Controlled Unclassified Information (CUI)

CUI History

Federal agencies routinely generate, use, store, and share information that, while not meeting the threshold for classification as national security or atomic energy information, requires some level of protection from unauthorized access and release. Protection may be required for privacy, law enforcement, or other reasons pursuant to and consistent with law, regulation, and/or Government-wide policy. Historically, each agency developed its own practices for sensitive unclassified information, resulting in a patchwork of systems across the Executive branch in which similar information might be defined and labeled differently, or where dissimilar information might share a definition and/or label, depending on the agency which originally created the information.

The Controlled Unclassified Information (CUI) program represents an unprecedented initiative to standardize practices across more than 100 separate departments and agencies; State, local, Tribal and, private sector entities; academia; and industry, to enable timely and consistent information sharing, and to increase transparency throughout the Federal government and with non-Federal stakeholders.
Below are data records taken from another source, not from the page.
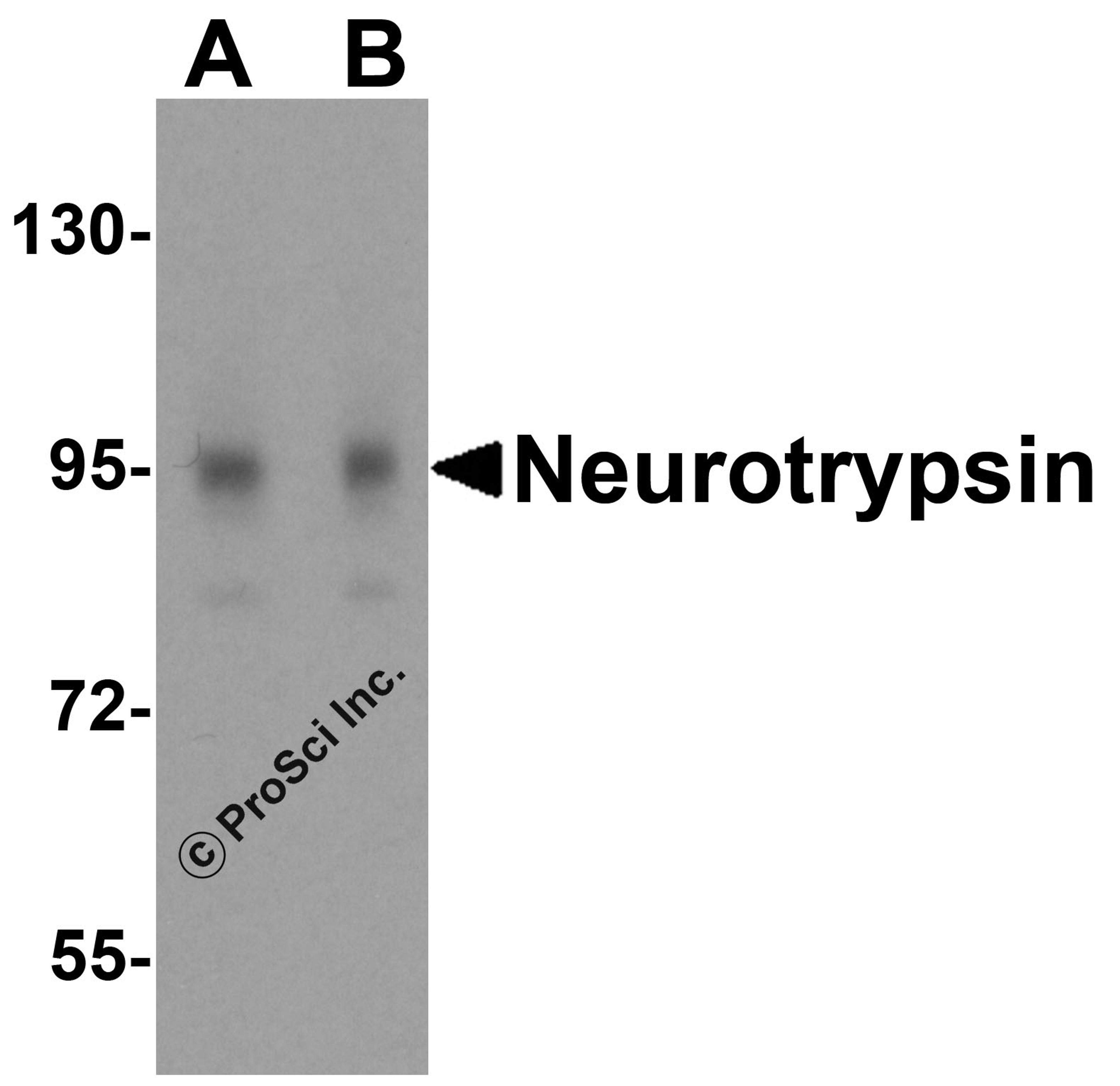 Western blot analysis of neurotrypsin in 3T3 cell lysate with neurotrypsin antibody at (A) 0.25 and (B) 0.5 μg/mL.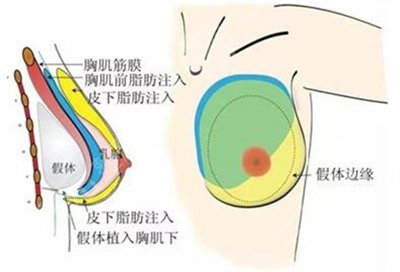 c罩杯多大胸圖片欣賞丨胸部整形手術(shù)之后需要注意什么？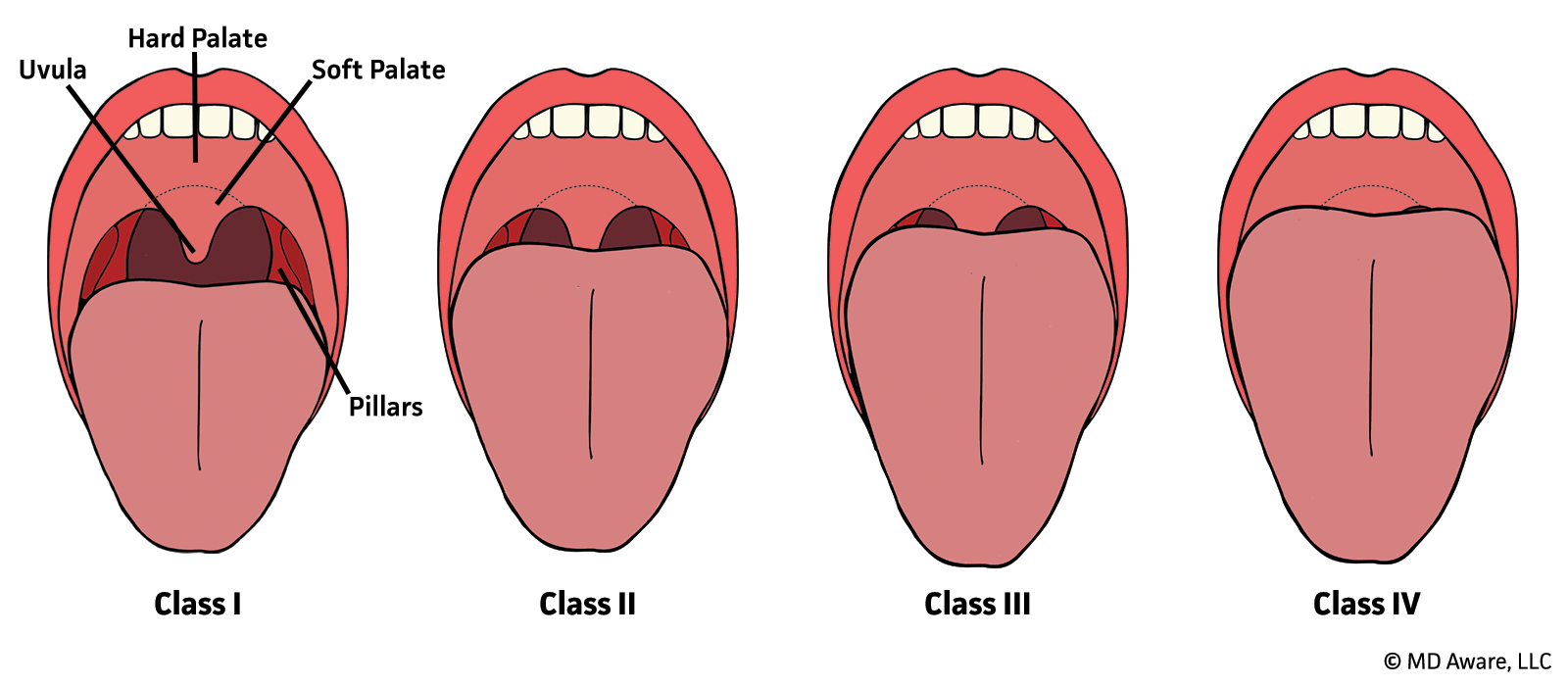 <p>hard palate only</p><p>-very difficult intubation</p>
Sharing CUI is authorized for any lawful government purpose, defined as any activity, mission, function, operation, or endeavor that the U.S. Government authorizes or recognizes within the scope of its legal authorities or the legal authorities of non-executive branch entities (such as state and local law enforcement).

In 2004, the 9/11 Commission Report recommended the horizontal sharing of intelligence information, transcending individual agencies. This recommendation was expanded by the Presidential Task Force appointed in May 2009 to include all information falling within the definition of CUI in the possession or under the control of the Executive Branch of the Federal Government. Executive Order 13556 Controlled Unclassified Information (the Order) established such a comprehensive Controlled Unclassified Information Program in November 2010. The Order designated the National Archives and Records Administration to serve as the Executive Agent (EA) to implement and oversee agency actions to ensure compliance with the Order. The Archivist of the United States established the CUI Office within NARA to fulfill the responsibilities of CUI Executive Agent and appointed the Director of the Information Security Oversight Office (ISOO) as Director of the CUI Office.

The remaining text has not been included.